Buku ini terbagi menjadi tiga bagian. Bagian pertama dibagi menjadi dua sub bagian lagi yaitu satu sub bagian berisi Pi yang mempelajari kehidupan binatang. Dan sub bagian berikutnya berisi Pi yang mempelajari ketiga agama dan memeluknya sekaligus karena ia ingin mencintai Tuhan. (Halaman 116).
Namun bagian pertama buku ini bukan hanya sekedar pembuka cerita. Bagian pertama ini merupakan penjelasan logis dari bagian yang kedua. Mengenai Pi yang bisa hidup berdampingan dengan harimau bengal yang buas, Martel menulis tentang zoomorfisme; seekor binatang yang menganggap manusia atau binatang lain sebagai mahluk sejenisnya sendiri (halaman 132) dan batas teritorial yang dianut oleh binatang (halaman 75).

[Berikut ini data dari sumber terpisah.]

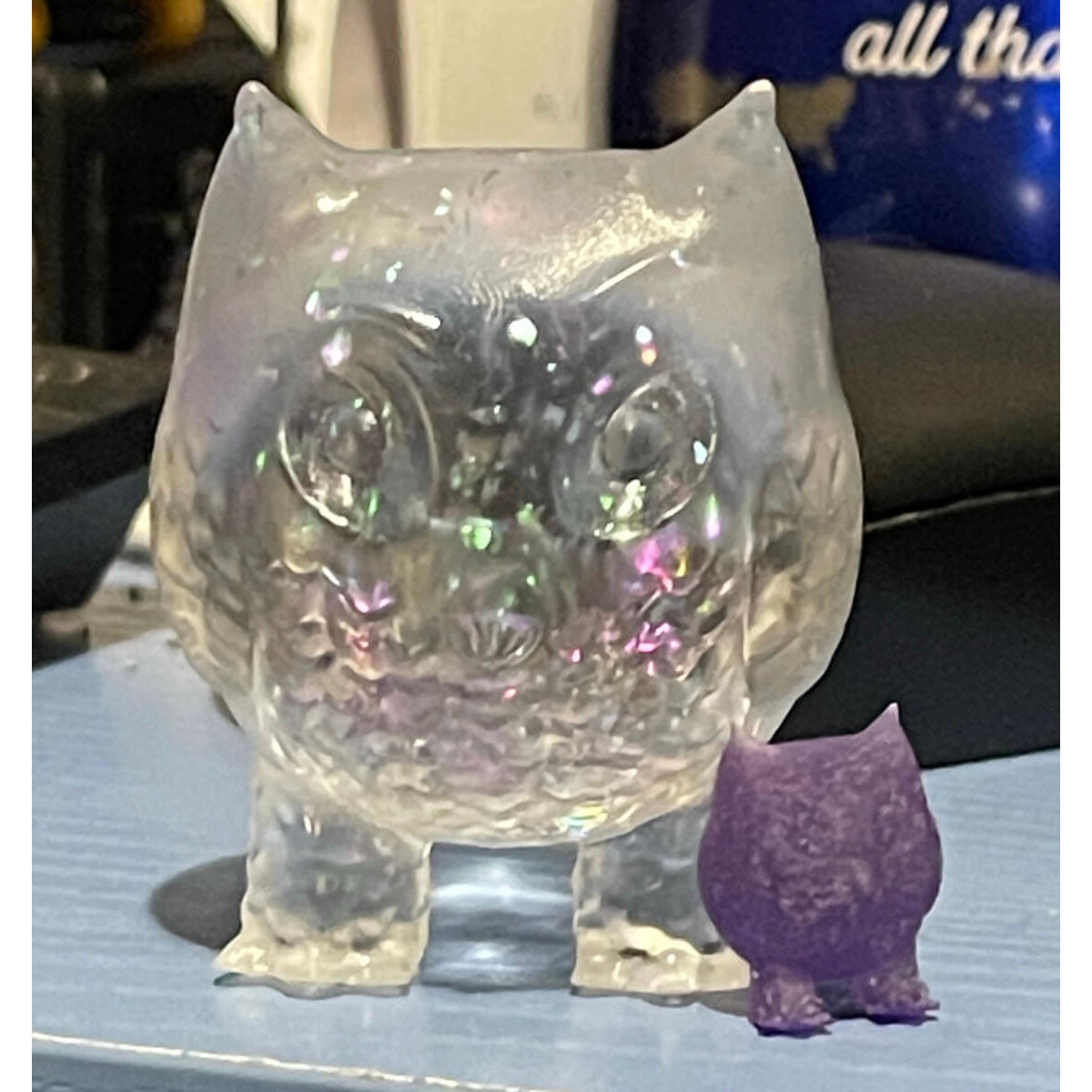 OG Wyze Galactic Sparkle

Sedangkan ilmu agama yang dipelajari oleh Pi membantunya untuk terus bertahan hidup. Memang dikatakan bahwa Pi berhutang budi kepada Richard Parker, sang harimau, karena sang binatang buas itulah yang mendorong Pi agar tetap hidup (halaman 239). Tapi Pi menganggap ini tidak lepas dari campur tangan yang Maha Kuasa. Ketika berhasil menangkap ikan dorado sambil menangis Pi berkata:
"Terima kasih, Wisnu, terima kasih. Kau pernah menyelamatkan dunia ini dengan menjelma sebagai ikan. Sekarang kau menyelamatkan aku dengan menjelma menjadi ikan pula. Terima kasih, terima kasih". (halaman 267)

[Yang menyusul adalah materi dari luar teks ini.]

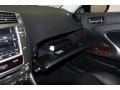2008 Obsidian Black Lexus IS 250 AWD  photo #32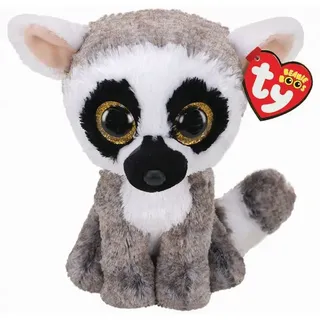Ty - Beanie Boos - Linus Lemur, regular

Pada awal membacanya, saya mengira bahwa novel ini ditulis berdasarkan kisah nyata. Namun belakangan saya mengetahui bahwa ini memang disengaja oleh penulis untuk menimbulkan rasa penasaran pembaca. Rasa takjub, simpati, jijik dan kehangatan di hati hadir bergantian ketika membaca buku ini di halaman-halaman berikutnya. Bagaimana perasaan anda ketika membaca Pi yang memakan kotoran harimau karena lapar? Atau ketika ia memakan daging manusia?!! Bagaimana perasaan anda ketika membaca Pi yang menyanyikan lagu Selamat Ulang Tahun karena mengira bahwa hari itu adalah hari lahir ibunya yang ikut tenggelam? Dan saya dibuat tertegun lama saat membaca baris demi baris kalimat di halaman 402.
Untuk menutup review ini saya mengutip salah satu perkataan Pi: Kita mesti menerima apa-apa yang diberikan kehidupan ini kepada kita, dan berusaha menjalaninya sebaik mungkin.